Mattia Jona La Portantina +39 02 8053315 mattjona@mattiajona.com


 
GIOVANNI FATTORI
(Livorno 1825 - Florence 1908)
LE CASCINE

Etching on zinc, Bonagura 92, Baboni-Malesci LVII. Signed Fattori in the plate, lower left. A fine and delicate impression of an extremely rare early state (two impressions known) before an additional and heavy etched work on the plate, which darkens the central and lower areas. Printed with black ink on thin white wove paper, working on the surface tone. With small margins, in very good condition. To the platemark 189 x 105 mm.
You can see here a comparison between our copy and that in the final state from the Rosselli collection, now preserved at the GDS Uffizi.

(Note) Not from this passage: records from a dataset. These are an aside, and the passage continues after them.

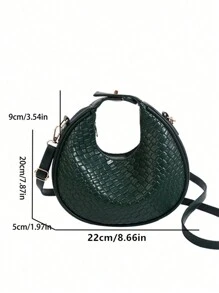 时尚新款欧美风格女士单肩包，多功能 PU 休闲单肩包，优雅斜挎包（可调节肩带，拉链开合，可容纳智能手机和化妆品，适合女士、购物、约会等） - 墨綠色 - 查看 11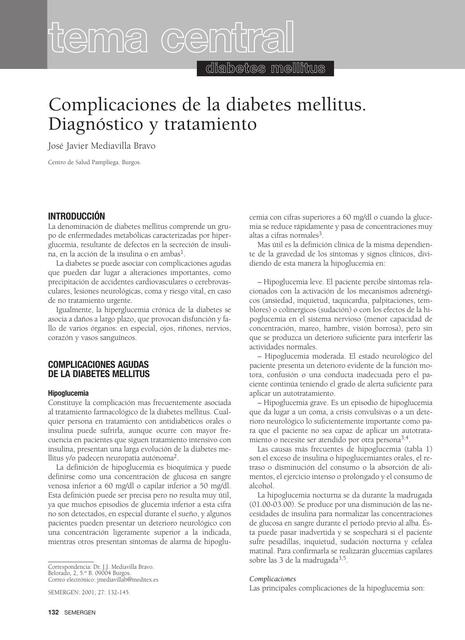 Complicaciones de la Diabetes Mellitus. Diagnóstico y Tratamiento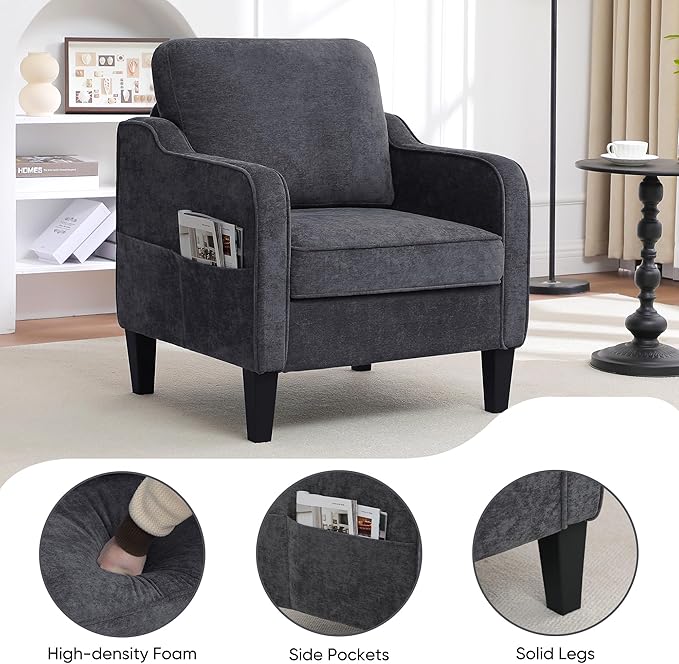 Accent Chairs Set of 2, Upholstered Living Room Chairs with Side Pockets, Mid Century Modern Reading Chair for Bedroom, Comfy Armchair Single Sofa Side Chair for Office, Small Room, Dark Grey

The existence of this pristine state was first reported by Antonio Berni in 2014.
The only other known impression of this state is an artist’s proof, touched by Fattori with pen and black ink, published by La Stanza del Borgo in their catalogue Fine Old Master and Modern Prints, Milan 2017, no. 25.

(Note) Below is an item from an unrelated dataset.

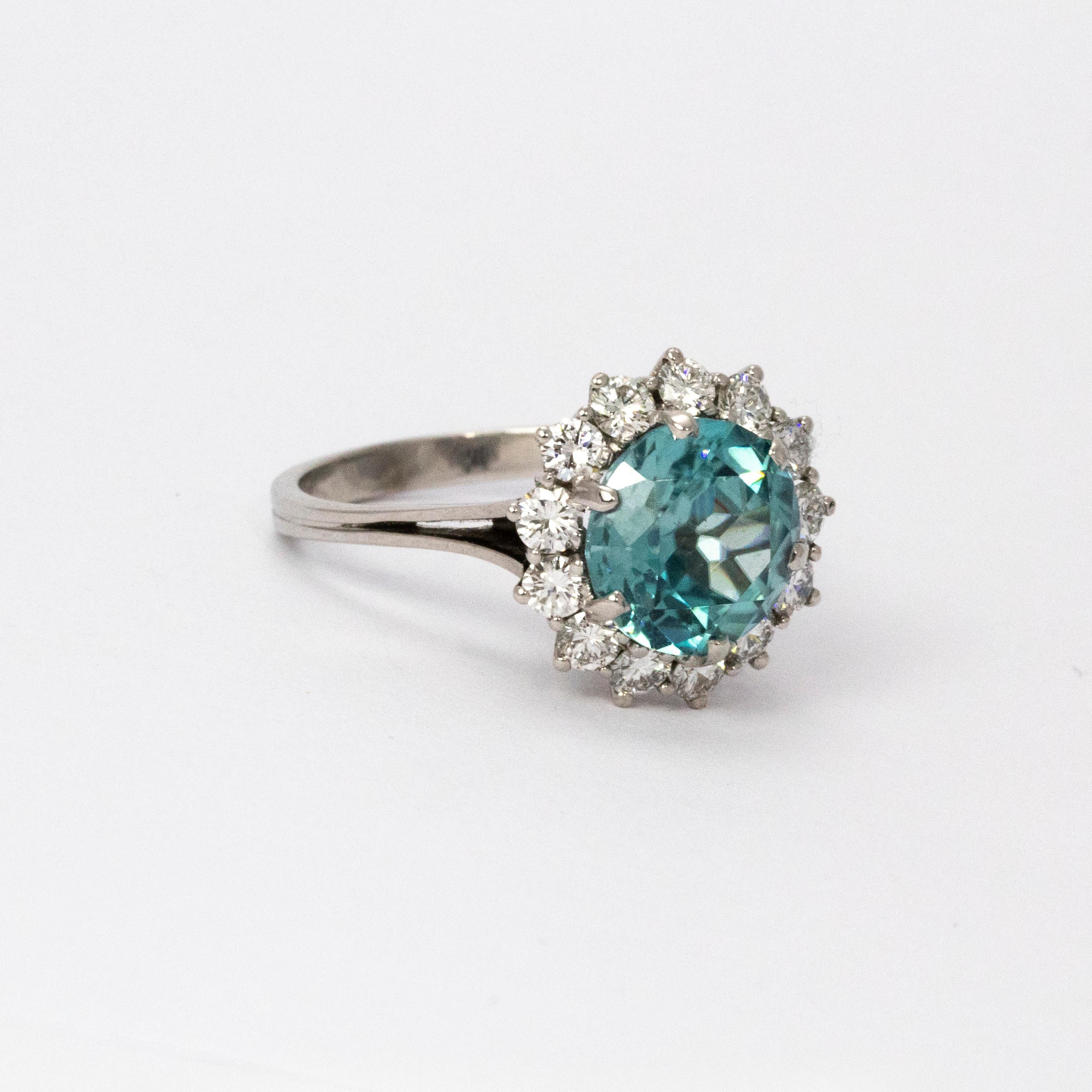 1950s Blue Zircon and Diamond Cluster 18 Carat White Gold Cocktail Ring 1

Giovanni Fattori, possibly the most important painter of the nineteenth century in Italy, received his first instruction in drawing from a lesser painter of his native town. In 1846 Fattori moved to Florence to attend the Academy. During the 1850s Fattori joined the innovative artists, called Macchiaioli, who met at the Caffè Michelangelo in Florence and were champions of a new technique and style to contrast the conventional academic language. During those years, he still produced works that could be attributed to the historical-romantic school but his interest in studying from life also extended to landscape painting and the military life of the day became the subject of his first experiments in painting using the macchia technique. In 1867, after the death of his first wife, Fattori frequently stayed in the Maremma region which became the ideal backdrop for his works. Fattori began etching in the early 1880s, when he was nearly sixty; quite soon he was able to appreciate the difference of expression he could achieve using this new medium. A real peintre-graveur, he continued with etching his artistic research on light and essential shapes in reality.